10 Mart 2012 Cumartesi

- MeneS ?
- Efendim Enes?
- Azizim hiç konuşturmaz, hal hatır sormaz oldun bana. İnsan hiç mi merak etmez can yoldaşım nerede diye?
- Ama klavyeden yazmadığım için zor oluyor seni konuşturmak. Hani kalın harfleri yaz filan. Ne olur kusura bakma.
- MeneS, ben affetsem aşk affetmez, anlıyor musun?
- Senin kafan sanal nargileyle mi dolu?
- Benim kafam yalnızlıkla dolu. Bir ben var benden içeri, hiç bakma hemen kaçar geri...
- Yunus Emre'den çakma alıntılarla bu iş yürümez.
- O zaman yürütelim bu işi.
- Hadi bakalım yürütelim.
- Ne yapıyoruz biz MeneS?
- Tembel hayvanlar iş yapmaya kalkıştığında ortaya nasıl bir şey çıkıyorsa, biz de onu yapıyoruz ve ortaya çıkan iş çok benziyor onların yaptığına.
- Senin hayvan benzetmelerini yerim ben.
- Sanal varlıklar ile pek flört etmiyorum kusura bakma.
- Boş boş konuşacağımıza bir konu bulalım.
- Mesela mesela, yaşlı insanları konuşalım?
- Nasıl yani?
- Hani mecliste insanlar var ya, yaş sınırları var hatta. Sence doğru bir şey mi o kadar yaşlı insanların oralarda olması?
- Ama görmüş geçirmişler, hayat tecrübeleri var. En azından bir genç kadar gaza gelmiyorlar, ateşli değiller.
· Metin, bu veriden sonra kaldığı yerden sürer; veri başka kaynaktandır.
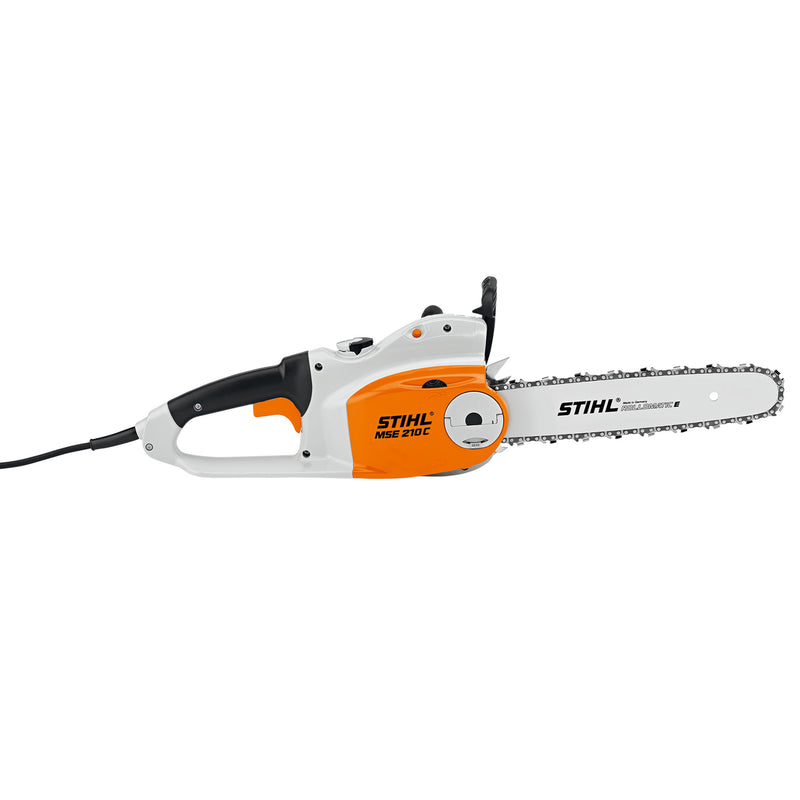 Pilarka elektryczna Stihl MSE 210 C-B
- Tabi ki bunlar doğru. Ama bir keçi kadar inatçı olabileceklerini ve bir kütükten daha çok esnekliğe sahip olmayan fikirleri olduğu aşikar değil mi? Yani önündeki seçenek daha iyi olsa bile, ideolojik olarak uygun olmadığı veya desteklemediği biri tarafından yapıldığı için keçilik yapıyor.
- Bunu gençler de yapmaz mı peki? Onlar da önündeki durumda kendi siyasi görüşü hangi taraftaysa onu savunmaz mı? Kim der ki : tamam benim seçimim yanlışmış.
- Bu konuda da haklısın. Ama, yaşlılar bu konuda daha güvenilmez geliyor bana. 60 yaşına basmış, yolun 6/7'sini tamamlamış bir insanoğlunun fikirleri, sence ne kadar oynayabilir ve değişebilir? Ben sana hayal etmende yardım edeyim ; Apple ürünleri çıkmadan önce mağaza önündeki kuyruklar kadar ilerler ve biliyor musun o ürünler çıkmadan önce o sıra ne kadar ilerliyor? Tabi, karmaşık matematik hesaplamaları ve kozmik fizik yardımıyla anlaşılabileceği gibi HİÇ ilerlemiyor.
- Öyle ama, öyle işte. Sen siyasetten haz etmiyorsun galiba pek?
- Kesinlikle. Özellikle maşa gibi kullanılmaktan. Peki ne için? Kimse gerçekten vatana hizmet etmek istiyor mu? Ortada "güç" denen kavram varken, neden kimse Ahmet Amcanın hayrını düşünsün? Bir yanda Atatürk'e tapan insanlar -ki eminim ki Mustafa Kemal bugün onları görse lider olduğuna olacağına pişman olurdu- öteki yanda da şimdiki hükümete yapanlar, sonra da bir de aradakiler var. Onlar da bulur tapacak bir şey, eskisi gidip yenisi gelene kadar. Dikkat çekici nokta ne biliyor musun, üstelik bir o kadar çarpıcı? "Tapıcı" sınıfındaki çoğu insanın "Kuzey Kore" deyince kahkahayı basması.
- Sen?
- Ben nötrüm. İlgilenmiyorum siyaset ile. Bunlar geçmiş deneyimlerimden topladığım düşünceler. Siyaset ile ilgilenmemek gündemi takip etmemekse, varsın gündemi takip etmiyorum. Benim gündemim ayrı. Çok ayrı.
- Aaa , hani ilk yazılarında belirtmiştin , "İstiklal'de mikrofon uzatılınca bir şey bilmeyen genç" diye.
- Evet işte, o genç benim ve çok mutluyum bu yüzden.